> [INFORMATION SUPPLIED]:
*****

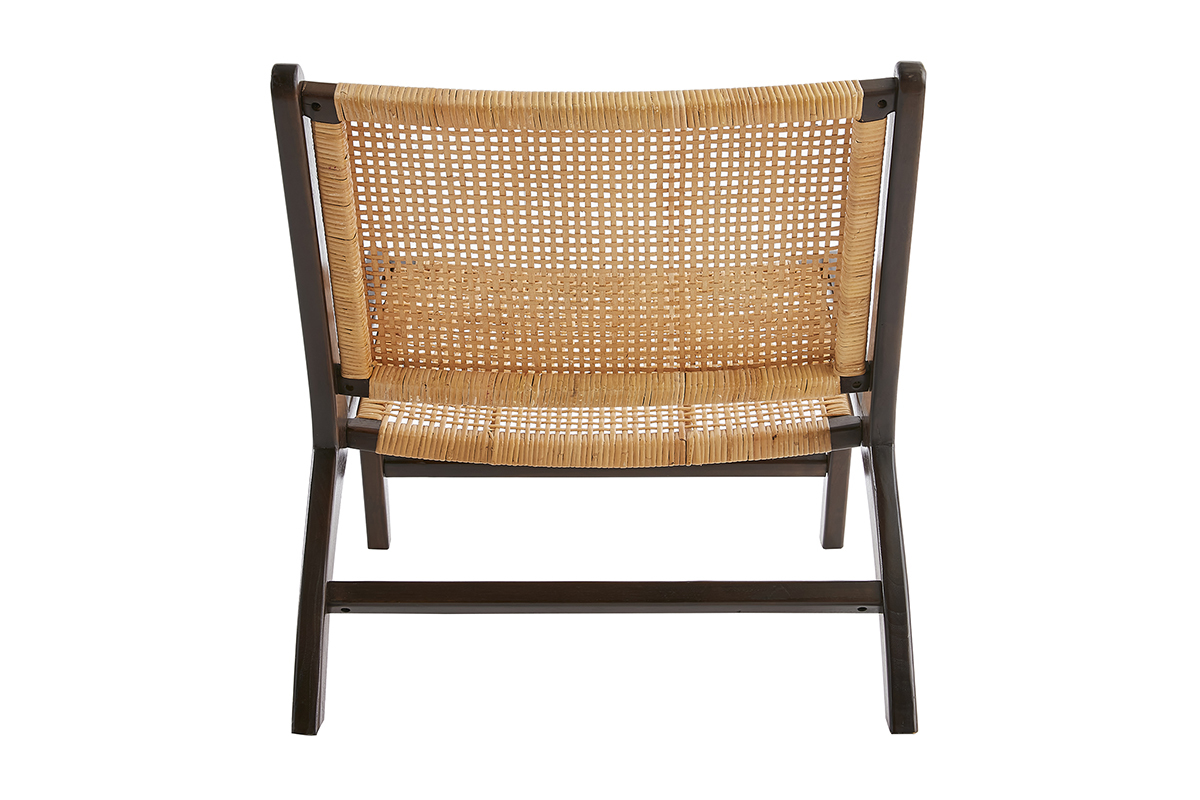 Sessel aus walnussfarbenem Massivholz und natrlichem Rattan HAMMA
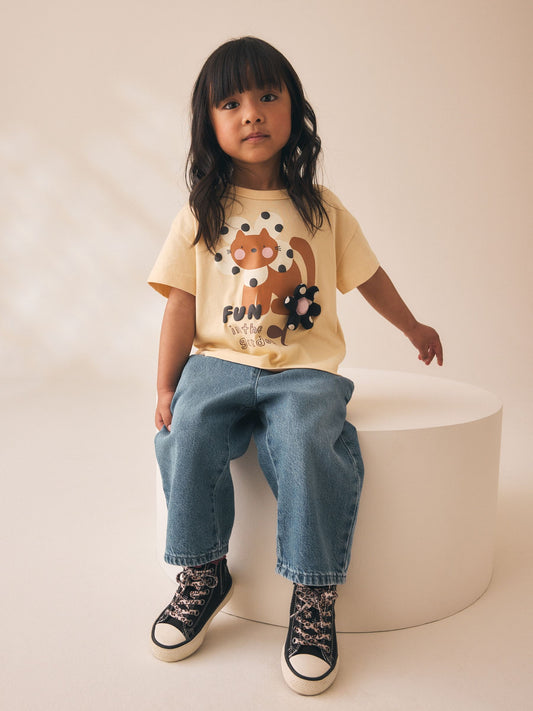 Dsiney Kidz - Ecru White Padded Cat Short Sleeve T-Shirt (3mths-7yrs) image 2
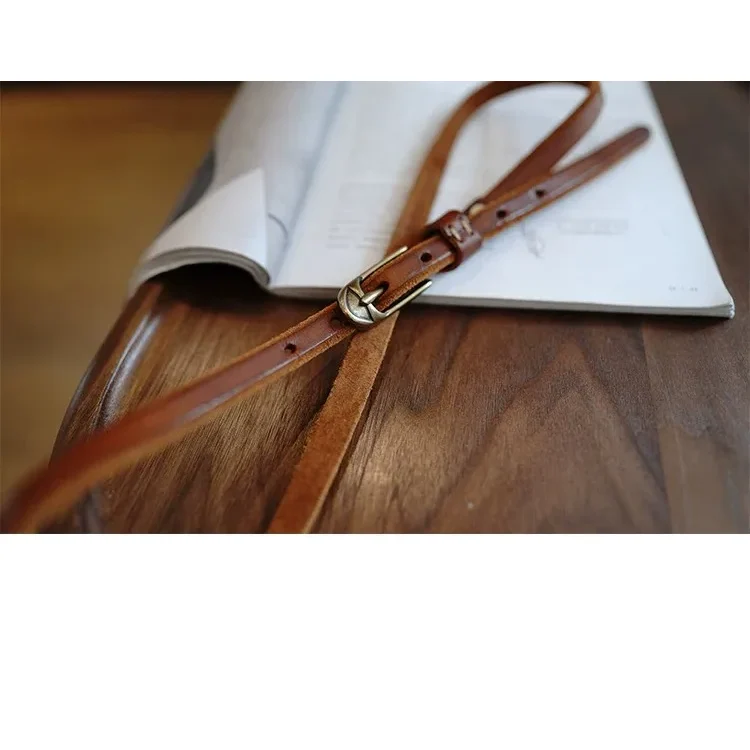 Ceinture fine cuir et boucle en laiton massif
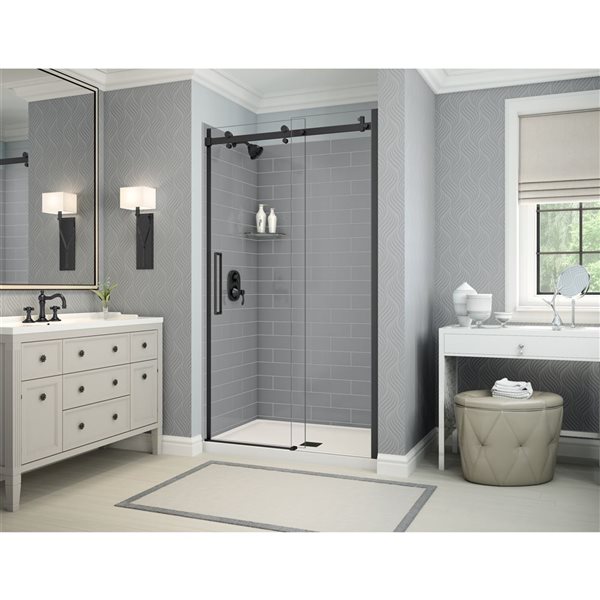 MAAX Utile 48-in x 32-in Ash Grey Alcove Shower Kit with Centre Drain - 4-Piece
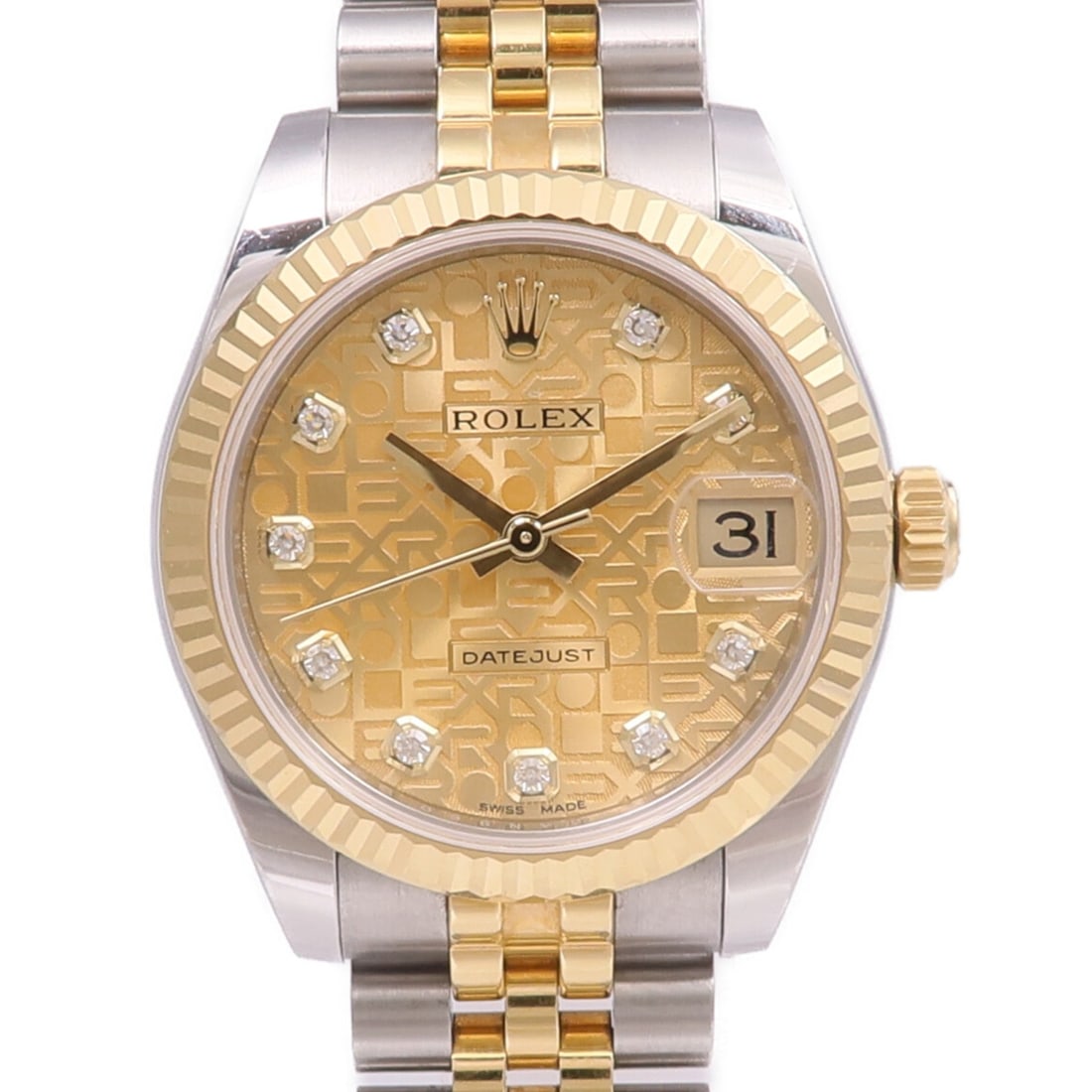 Rolex Datejust 178273 Diamond Automatic Yellow Gold Steel Wrist Watch: Rolex Datejust 178273 Diamond Automatic Yellow Gold Steel Wrist Watch This ROLEX Datejust wristwatch combines 18K yellow gold and stainless steel for a refined and classic look. Featuring automatic wi
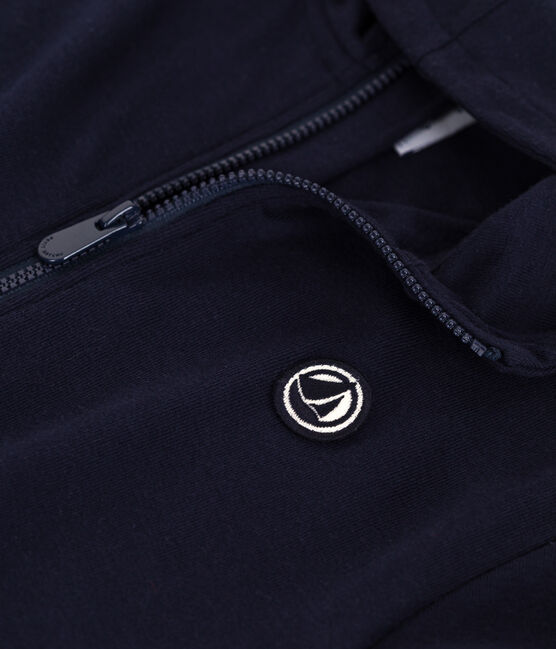 Kinder-Kapuzensweatshirt mit Reißverschluss aus einfarbiger Baumwolle  blau SMOKING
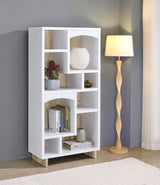 Dalton 65-inch 6-shelf Bookcase White and Distressed Pine - Tampa Furniture Outlet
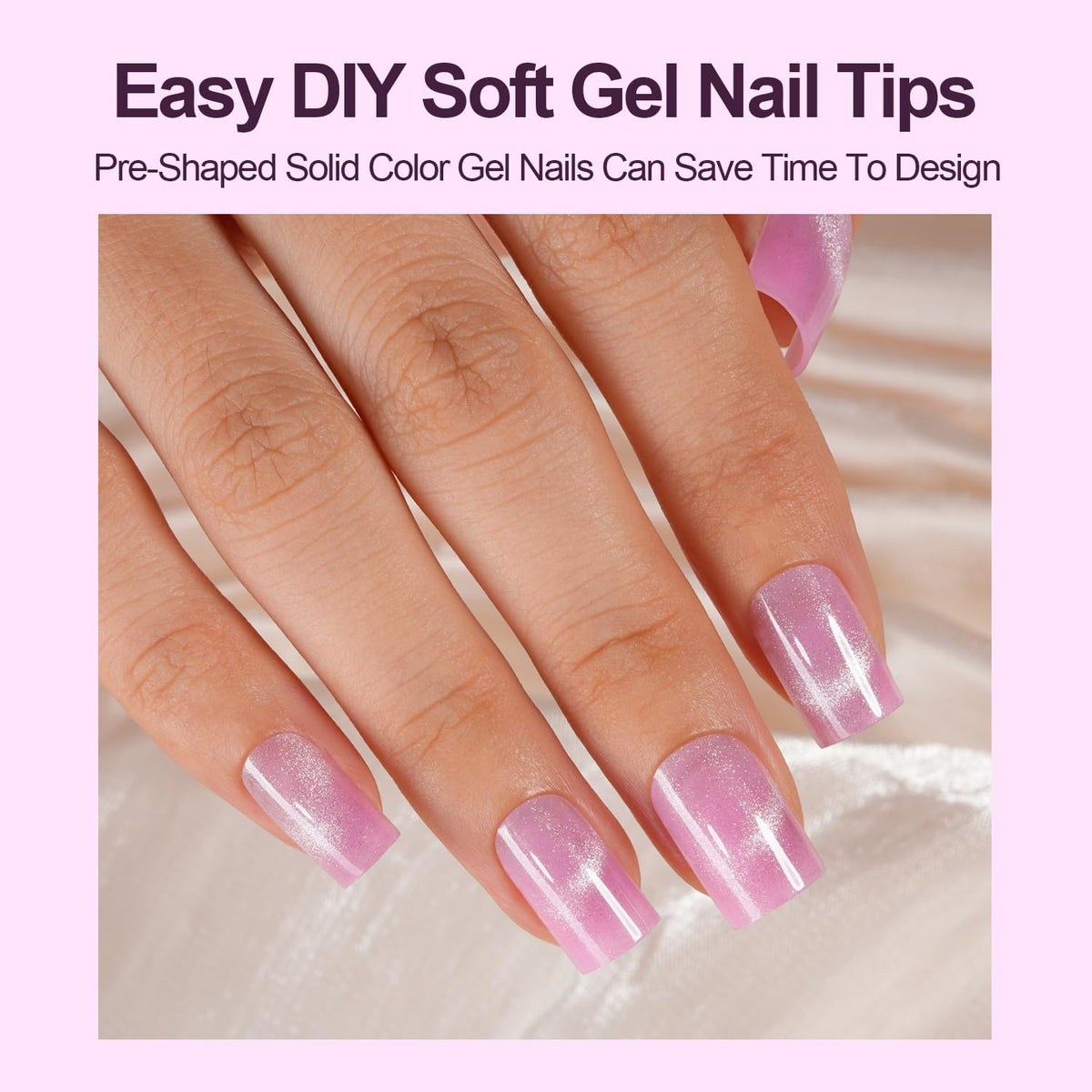 Plauva Cat Eye nails close up showing glitter cat eye effect for chic style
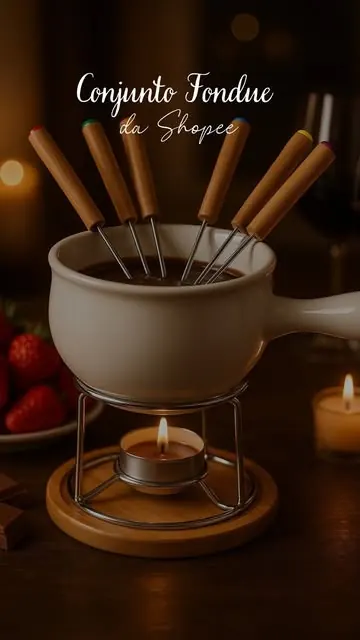 Conjunto de fondue de cerâmica com garfinhos de madeira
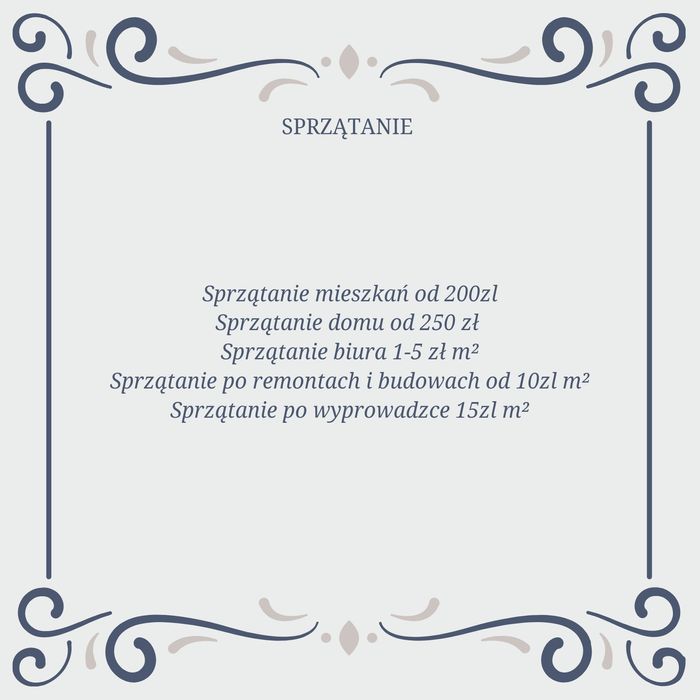 Sprzątanie biura 1-5 zł m²/mieszkania/domu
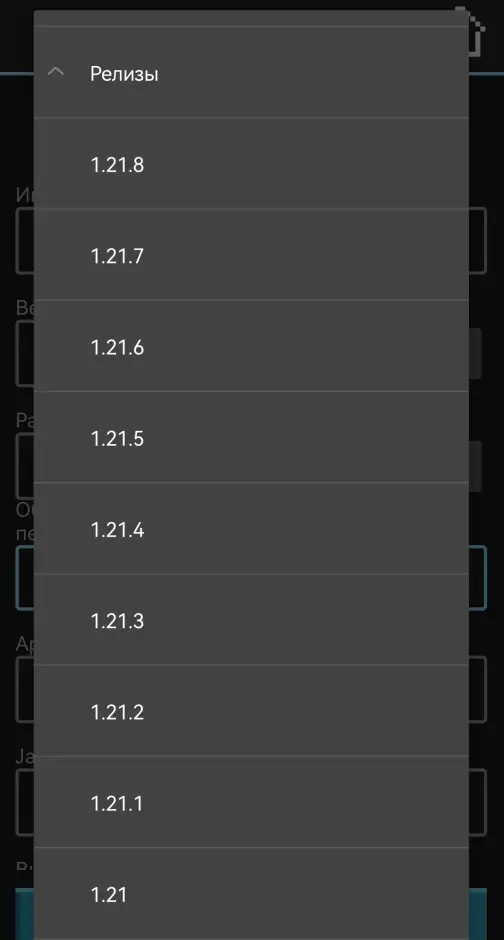 Выбор Minecraft версии в лаунчере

*****

> [EXERCISE]: Please retype the entries above word for word, but only from the line containing "Dsiney Kidz - Ecru" through the last line, and without the pictures.

> [RESPONSE]:
 Dsiney Kidz - Ecru White Padded Cat Short Sleeve T-Shirt (3mths-7yrs) image 2
 Ceinture fine cuir et boucle en laiton massif
 MAAX Utile 48-in x 32-in Ash Grey Alcove Shower Kit with Centre Drain - 4-Piece
 Rolex Datejust 178273 Diamond Automatic Yellow Gold Steel Wrist Watch: Rolex Datejust 178273 Diamond Automatic Yellow Gold Steel Wrist Watch This ROLEX Datejust wristwatch combines 18K yellow gold and stainless steel for a refined and classic look. Featuring automatic wi
 Kinder-Kapuzensweatshirt mit Reißverschluss aus einfarbiger Baumwolle  blau SMOKING
 Dalton 65-inch 6-shelf Bookcase White and Distressed Pine - Tampa Furniture Outlet
 Plauva Cat Eye nails close up showing glitter cat eye effect for chic style
 Conjunto de fondue de cerâmica com garfinhos de madeira
 Sprzątanie biura 1-5 zł m²/mieszkania/domu
 Выбор Minecraft версии в лаунчере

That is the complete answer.